▼
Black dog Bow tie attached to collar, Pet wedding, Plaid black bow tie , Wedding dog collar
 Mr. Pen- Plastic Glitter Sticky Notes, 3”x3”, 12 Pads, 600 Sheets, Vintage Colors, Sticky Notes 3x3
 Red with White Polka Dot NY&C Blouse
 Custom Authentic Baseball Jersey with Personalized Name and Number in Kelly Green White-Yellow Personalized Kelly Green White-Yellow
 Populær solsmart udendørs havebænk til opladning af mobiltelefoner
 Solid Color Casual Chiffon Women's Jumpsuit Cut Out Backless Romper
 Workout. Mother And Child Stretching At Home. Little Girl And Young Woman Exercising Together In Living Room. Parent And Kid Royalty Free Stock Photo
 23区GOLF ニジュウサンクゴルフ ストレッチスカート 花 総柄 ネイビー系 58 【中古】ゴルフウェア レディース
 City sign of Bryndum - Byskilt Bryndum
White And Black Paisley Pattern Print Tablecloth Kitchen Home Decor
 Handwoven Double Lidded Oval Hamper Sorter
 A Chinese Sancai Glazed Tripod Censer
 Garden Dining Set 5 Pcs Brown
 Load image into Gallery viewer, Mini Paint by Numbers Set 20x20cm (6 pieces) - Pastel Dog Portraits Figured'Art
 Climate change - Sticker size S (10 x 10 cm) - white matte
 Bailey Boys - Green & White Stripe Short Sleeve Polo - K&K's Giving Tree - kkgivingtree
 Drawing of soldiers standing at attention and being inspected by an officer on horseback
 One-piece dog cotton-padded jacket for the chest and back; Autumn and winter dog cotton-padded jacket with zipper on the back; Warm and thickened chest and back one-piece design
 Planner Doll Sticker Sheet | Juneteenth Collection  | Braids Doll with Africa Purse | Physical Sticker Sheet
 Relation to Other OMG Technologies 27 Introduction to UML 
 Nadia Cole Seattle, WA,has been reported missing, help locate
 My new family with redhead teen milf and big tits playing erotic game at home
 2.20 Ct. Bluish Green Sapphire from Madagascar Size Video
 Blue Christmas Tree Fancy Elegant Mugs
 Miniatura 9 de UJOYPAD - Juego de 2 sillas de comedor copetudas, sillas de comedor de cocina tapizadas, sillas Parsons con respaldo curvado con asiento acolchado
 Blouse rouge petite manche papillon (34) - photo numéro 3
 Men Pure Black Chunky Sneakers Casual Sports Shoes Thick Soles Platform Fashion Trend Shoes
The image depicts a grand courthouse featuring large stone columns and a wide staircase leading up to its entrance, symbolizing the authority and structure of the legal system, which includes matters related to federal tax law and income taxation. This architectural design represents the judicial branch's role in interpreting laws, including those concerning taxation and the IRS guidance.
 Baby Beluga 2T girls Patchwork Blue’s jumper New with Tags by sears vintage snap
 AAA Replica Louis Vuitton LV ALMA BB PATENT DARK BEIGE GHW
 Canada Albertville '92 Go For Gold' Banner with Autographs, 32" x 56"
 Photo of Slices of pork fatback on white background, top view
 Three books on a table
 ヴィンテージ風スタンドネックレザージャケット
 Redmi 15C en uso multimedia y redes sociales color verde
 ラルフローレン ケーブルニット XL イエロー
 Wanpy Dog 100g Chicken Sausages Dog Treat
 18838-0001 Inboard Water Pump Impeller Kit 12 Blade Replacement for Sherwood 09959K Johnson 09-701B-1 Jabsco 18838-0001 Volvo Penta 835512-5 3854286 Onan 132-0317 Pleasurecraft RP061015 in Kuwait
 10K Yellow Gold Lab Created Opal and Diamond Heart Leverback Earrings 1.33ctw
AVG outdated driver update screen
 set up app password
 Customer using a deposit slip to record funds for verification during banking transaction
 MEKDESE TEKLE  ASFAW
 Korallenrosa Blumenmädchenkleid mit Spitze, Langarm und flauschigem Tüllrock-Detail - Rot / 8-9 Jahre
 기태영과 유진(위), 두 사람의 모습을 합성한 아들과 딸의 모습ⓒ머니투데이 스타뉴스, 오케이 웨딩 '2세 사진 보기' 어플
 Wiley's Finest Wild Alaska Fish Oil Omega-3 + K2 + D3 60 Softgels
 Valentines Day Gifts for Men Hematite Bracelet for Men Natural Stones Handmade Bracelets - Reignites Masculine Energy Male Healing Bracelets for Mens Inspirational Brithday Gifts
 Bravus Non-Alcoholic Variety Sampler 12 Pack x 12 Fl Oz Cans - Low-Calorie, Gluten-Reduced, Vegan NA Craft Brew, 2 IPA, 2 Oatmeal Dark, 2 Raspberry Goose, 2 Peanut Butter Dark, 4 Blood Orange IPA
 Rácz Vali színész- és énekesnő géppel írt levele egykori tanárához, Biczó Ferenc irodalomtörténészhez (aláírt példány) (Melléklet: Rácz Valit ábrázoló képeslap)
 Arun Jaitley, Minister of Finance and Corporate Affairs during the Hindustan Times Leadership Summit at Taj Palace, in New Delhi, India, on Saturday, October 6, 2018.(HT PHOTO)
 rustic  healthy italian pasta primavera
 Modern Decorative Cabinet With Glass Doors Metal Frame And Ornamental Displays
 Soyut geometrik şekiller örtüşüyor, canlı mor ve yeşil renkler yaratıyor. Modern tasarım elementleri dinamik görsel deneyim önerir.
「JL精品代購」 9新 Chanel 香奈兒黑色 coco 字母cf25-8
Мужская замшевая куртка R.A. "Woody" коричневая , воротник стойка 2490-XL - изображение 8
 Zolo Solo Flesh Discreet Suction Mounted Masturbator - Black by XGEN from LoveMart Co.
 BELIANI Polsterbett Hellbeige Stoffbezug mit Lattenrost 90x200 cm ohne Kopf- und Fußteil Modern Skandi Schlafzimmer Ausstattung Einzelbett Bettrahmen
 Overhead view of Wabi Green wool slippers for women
▲
What is expected
Begin with the line that has "The image depicts" in the listing above and end after the line that has "Canada Albertville '92"; output those lines exactly.

Completed task
The image depicts a grand courthouse featuring large stone columns and a wide staircase leading up to its entrance, symbolizing the authority and structure of the legal system, which includes matters related to federal tax law and income taxation. This architectural design represents the judicial branch's role in interpreting laws, including those concerning taxation and the IRS guidance.
 Baby Beluga 2T girls Patchwork Blue’s jumper New with Tags by sears vintage snap
 AAA Replica Louis Vuitton LV ALMA BB PATENT DARK BEIGE GHW
 Canada Albertville '92 Go For Gold' Banner with Autographs, 32" x 56"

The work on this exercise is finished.